Dell'arrivismo e del cinismo il cinema ha già detto molto, come si è già espresso ampiamente anche sul giornalismo e sulle sue morali, tendenzialmente assenti e aggirabili.
Al regista Dan Gilroy questo però importa poco, o perlomeno non lo allontana dal raccontare una storia dove un uomo, a cui le persone non piacciono molto, trova nel mestiere di reporter freelance la strada per il successo, economico come sociale.
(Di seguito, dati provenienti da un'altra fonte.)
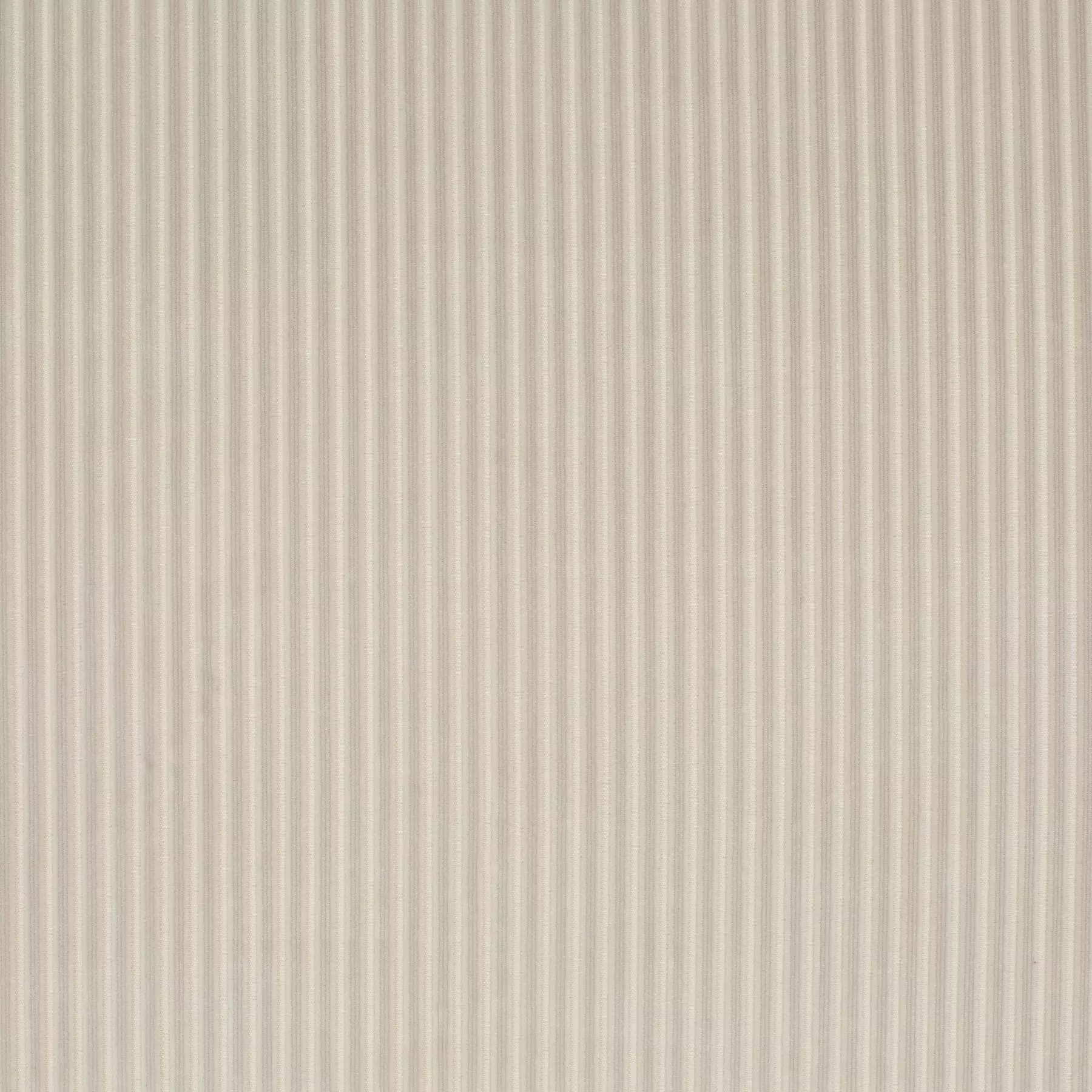 Atlantic - Ja3024/071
Chi tuttavia vede in "Lo Sciacallo: Nightcrawler" solo l'ennesima denuncia verso quel cannibalismo giornalistico, disposto a fare qualunque cosa pur di guadagnare share e conquistare il pubblico, sbaglia, non mettendo a fuoco quello che probabilmente è il pregio più rilevante di una pellicola altrimenti arida. Da non sottovalutare infatti è la figura del protagonista Lou Bloom, interpretata da Jake Gyllenhaal: per l'occasione dimagrito molti chili per dare spessore a un personaggio notturno e borderline. La sua è una caratterizzazione particolare, dove l'apparente spaccato da ladruncolo-criminale presentato all'inizio, cambia completamente significato nel momento in cui lo vediamo entrare in contatto con la telecamera, strumento che scopre di sapere usare meglio di chiunque altro, perché - gli viene detto - dotato di occhio particolare.
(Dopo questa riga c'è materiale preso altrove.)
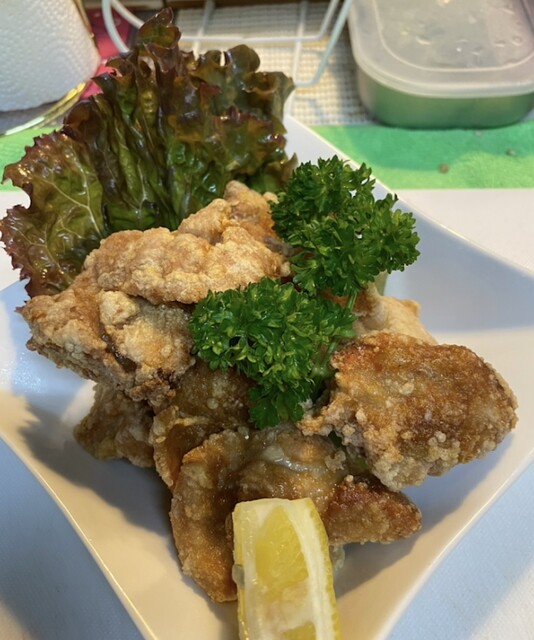 居酒屋 のんき - 本宮（居酒屋）の写真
Quell'occhio particolare è l'indizio con cui il lavoro di Gilroy ingrandisce la sua lettura, modifica la sua forma, con cui si distingue e si allarga. Perché si tratta dell'occhio di chi con il prossimo non è in grado di empatizzare, di chi è capace solo ad usarlo e a sfruttarlo per i propri scopi, e di chi, nemmeno sotto tortura, sarebbe in grado di entrarci in contatto condividendo un briciolo di sentimento. Il rapporto con il suo partner, così come quello che riesce a strappare alla direttrice del giornale a cui vende i girati, vengono stretti non a caso da Lou esclusivamente sotto ricatto, unica arma a disposizione di cui conosce ogni singolo funzionamento e potenza. Il dominio verso il prossimo e le modalità per metterlo in atto, si rivelano ufficialmente quindi gli unici obiettivi per lui da raggiungere più del successo e più del denaro, entrambi effetti collaterali figli dei suddetti propositi.
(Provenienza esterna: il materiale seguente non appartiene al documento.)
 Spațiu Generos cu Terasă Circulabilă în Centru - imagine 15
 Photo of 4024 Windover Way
Prima dell'etica, dell'arrivismo e della crudeltà, la pellicola di Gilroy allora vuole raccontare, con lente neppure troppo invadente, semplicemente qualcuno. Qualcuno sprovvisto di cuore e di emozioni, ai margini e disturbato, qualcuno secondo cui certe azioni non sono né giuste né sbagliate, bensì maniera funzionale con cui approcciare e trovare finalmente la propria dimensione.